July 14, 2017
At our 8 am meeting today we were presented with three options for today’s excursions. Option 1 was a short ATV drive to look for musk-oxen, option 2 was a long ATV drive to the Northwest Passage, and option 3 was a trip in the Mercedes Unimog truck to Gull Canyon for a hike. It was an easy decision for us—we chose option 3.
After breakfast we put some extra clothing in our daypacks and joined the group outside by the truck. There was Luc and Linda from Quebec City, Terry and Karen from Pittsburgh, Eric from Squamish, Katie from London, and Elspeth and John from Boston. The truck, driven by Dave, took us across the river and the gravel flats and the airstrip to the hills nearby. It was a slow drive because of all the uneven terrain but after about half an hour we were at the start of the walk.
We started across the tundra, admiring all of the flowers, and very soon we passed a group of Long-tailed Jaegers. We must have been a bit close to their nests, so they were flying above us and squawking away. But they finally settled down once they deemed we were far enough away. Soon we reached the top of the hill, where there were a lot of Snow Buntings.
From here we had fantastic views down into the canyon, which was formed millions of years ago along a fault line. We could see massive sections of uplifting as well as greatly eroded columns of rock. After spending some time on the ridge we backtracked a bit and descended into the canyon, where Dave had driven the truck and set out the lunch. What a great lunch—squash soup, bread, chicken salad, cheeses and cold meats, topped off with fantastic chocolate chip cookies!
After lunch we walked up the canyon to explore. There were Thayer’s Gulls nesting on the canyon walls, along with a couple of Glaucous Gulls. Along the way were fossils of corals and other underwater creatures. Since we were wearing rubber boots we could walk in the water if we liked, and we did, but we were told that last week the water had been too deep for that. So because of the low water levels we could walk past the green mossy part with the gulls and into the more barren upper canyon.
(Walking up the rocky river bed was a good for the boots. You might think that rubber boots might slip while walking on sloping rocks, but ours didn’t. We were very impressed.)
Back at the truck, we watched a pair of Rough-legged Hawks for a short time and then drove back to camp. The plan when we arrived there was to head down to the bay to see the belugas.
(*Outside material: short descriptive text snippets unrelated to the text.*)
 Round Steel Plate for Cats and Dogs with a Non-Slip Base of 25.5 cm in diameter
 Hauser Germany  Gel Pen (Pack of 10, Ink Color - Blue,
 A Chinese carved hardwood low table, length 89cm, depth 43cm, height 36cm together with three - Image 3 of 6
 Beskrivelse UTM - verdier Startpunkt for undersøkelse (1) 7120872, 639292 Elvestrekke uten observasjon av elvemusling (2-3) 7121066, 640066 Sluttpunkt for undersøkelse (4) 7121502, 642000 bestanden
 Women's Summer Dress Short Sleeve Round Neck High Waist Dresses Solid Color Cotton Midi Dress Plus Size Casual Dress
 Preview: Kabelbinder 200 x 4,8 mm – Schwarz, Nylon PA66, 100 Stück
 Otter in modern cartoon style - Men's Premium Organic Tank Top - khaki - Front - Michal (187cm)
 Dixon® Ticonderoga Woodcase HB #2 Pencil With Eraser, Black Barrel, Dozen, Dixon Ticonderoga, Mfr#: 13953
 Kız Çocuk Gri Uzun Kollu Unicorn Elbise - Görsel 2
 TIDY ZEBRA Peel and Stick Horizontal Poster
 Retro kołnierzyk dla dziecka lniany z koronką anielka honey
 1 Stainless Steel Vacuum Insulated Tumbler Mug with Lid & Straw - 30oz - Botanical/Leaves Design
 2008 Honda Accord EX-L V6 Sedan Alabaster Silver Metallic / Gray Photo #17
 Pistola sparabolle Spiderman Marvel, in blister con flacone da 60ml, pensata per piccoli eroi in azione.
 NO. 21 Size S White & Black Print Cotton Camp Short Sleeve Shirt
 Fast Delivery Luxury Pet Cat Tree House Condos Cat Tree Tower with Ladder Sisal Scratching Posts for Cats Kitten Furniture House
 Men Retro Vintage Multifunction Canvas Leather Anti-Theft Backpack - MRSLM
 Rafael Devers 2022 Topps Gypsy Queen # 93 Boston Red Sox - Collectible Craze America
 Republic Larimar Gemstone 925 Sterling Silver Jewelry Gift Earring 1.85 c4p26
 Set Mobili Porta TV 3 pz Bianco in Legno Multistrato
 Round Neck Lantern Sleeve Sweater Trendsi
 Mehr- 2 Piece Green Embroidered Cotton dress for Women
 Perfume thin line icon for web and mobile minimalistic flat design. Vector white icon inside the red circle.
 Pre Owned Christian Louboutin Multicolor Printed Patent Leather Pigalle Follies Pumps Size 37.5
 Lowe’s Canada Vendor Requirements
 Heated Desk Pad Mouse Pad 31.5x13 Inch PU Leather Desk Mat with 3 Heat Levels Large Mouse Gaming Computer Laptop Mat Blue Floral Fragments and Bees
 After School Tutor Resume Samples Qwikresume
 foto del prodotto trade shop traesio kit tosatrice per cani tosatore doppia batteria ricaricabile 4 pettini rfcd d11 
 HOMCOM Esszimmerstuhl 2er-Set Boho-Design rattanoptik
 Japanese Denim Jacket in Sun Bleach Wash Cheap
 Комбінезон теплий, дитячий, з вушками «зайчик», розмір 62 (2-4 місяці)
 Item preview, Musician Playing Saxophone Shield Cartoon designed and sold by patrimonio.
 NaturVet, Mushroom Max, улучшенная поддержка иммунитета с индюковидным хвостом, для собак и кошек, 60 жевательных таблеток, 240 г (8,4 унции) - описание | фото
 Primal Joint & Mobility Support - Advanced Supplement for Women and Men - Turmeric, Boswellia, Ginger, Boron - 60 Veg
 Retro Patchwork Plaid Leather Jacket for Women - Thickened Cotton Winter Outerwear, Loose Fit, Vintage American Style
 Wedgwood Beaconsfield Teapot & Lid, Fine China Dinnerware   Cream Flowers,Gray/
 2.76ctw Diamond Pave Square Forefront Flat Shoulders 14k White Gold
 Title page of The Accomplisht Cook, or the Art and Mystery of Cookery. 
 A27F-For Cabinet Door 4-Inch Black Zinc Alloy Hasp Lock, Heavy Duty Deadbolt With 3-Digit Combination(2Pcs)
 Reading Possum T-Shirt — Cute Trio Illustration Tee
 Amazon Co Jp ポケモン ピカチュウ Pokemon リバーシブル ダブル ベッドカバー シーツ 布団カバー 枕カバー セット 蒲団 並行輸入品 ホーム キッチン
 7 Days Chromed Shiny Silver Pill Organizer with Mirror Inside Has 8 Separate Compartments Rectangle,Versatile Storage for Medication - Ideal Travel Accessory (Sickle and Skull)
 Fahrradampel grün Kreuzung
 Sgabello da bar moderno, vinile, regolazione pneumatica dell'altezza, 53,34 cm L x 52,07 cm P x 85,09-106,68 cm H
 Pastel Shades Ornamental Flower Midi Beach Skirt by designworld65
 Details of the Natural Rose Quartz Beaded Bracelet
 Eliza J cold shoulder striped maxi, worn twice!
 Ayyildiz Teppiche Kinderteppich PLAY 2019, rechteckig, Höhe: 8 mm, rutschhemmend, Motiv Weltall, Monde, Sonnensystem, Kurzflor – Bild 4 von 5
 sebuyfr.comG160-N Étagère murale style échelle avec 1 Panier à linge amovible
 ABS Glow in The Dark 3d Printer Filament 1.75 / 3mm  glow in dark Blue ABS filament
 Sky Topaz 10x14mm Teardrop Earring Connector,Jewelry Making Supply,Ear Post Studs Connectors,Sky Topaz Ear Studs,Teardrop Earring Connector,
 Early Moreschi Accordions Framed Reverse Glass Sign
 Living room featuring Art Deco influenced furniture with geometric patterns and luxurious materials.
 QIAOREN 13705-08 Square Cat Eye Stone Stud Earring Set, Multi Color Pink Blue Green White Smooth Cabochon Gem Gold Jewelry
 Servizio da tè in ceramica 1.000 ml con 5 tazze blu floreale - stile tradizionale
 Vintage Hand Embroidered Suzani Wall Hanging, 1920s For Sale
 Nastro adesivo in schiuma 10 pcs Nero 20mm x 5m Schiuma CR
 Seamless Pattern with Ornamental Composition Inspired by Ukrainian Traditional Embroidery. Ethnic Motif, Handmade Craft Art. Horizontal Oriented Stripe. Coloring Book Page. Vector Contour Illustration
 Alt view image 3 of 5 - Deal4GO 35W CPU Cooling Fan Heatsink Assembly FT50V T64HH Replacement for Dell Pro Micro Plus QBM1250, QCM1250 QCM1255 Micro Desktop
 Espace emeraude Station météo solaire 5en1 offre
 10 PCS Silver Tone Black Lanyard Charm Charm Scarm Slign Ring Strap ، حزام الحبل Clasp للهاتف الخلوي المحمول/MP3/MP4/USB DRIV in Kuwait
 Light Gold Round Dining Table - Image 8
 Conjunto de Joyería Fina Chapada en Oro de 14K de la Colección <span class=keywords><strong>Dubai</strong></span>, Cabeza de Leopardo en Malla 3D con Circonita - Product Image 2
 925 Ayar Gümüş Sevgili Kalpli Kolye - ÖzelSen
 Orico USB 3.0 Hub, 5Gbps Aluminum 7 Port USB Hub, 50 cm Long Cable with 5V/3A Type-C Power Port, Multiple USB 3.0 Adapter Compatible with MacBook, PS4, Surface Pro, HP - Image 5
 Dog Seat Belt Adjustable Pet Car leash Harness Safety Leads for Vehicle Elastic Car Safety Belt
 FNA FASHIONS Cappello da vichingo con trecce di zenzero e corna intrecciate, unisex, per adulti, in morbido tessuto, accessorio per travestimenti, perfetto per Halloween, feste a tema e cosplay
But Dave called Gretchen, the researcher who lives down by the bay, and she said that they had left because the ice had been blown in. But luckily for us, Richard, one of the owners, had gone for a run up the hill just behind the lodge and noticed a small herd of musk-oxen!
So naturally we hurriedly put our boots back on and headed up the hill with our guides. After a vigorous 15-minute walk we carefully looked over the crest of the hill to where the six musk-oxen were. They were still lying down, so we were able to regroup and figure out how to get closer. But while we were doing this the wind changed, so now the musk-oxen were on alert. When we tried to move closer, they all stood up and casually started to wander away.
Dave then suggested we should go downhill a bit to try to outflank them, so we did that. Only to see them down in the valley about a kilometer away, making good speed away from us! Oh well, at least we got a good view of them.
The Northwest Passage group had had a mechanical problem with one of their ATVs, so we ended up having dinner at 8:30 pm. Fortunately the kitchen staff had got enough advance notice, as we had another great meal—turbot, roast potatoes, and salad, followed by orange crème brulée. After dinner we sat and chatted with Terry and Karen before returning to our cabin.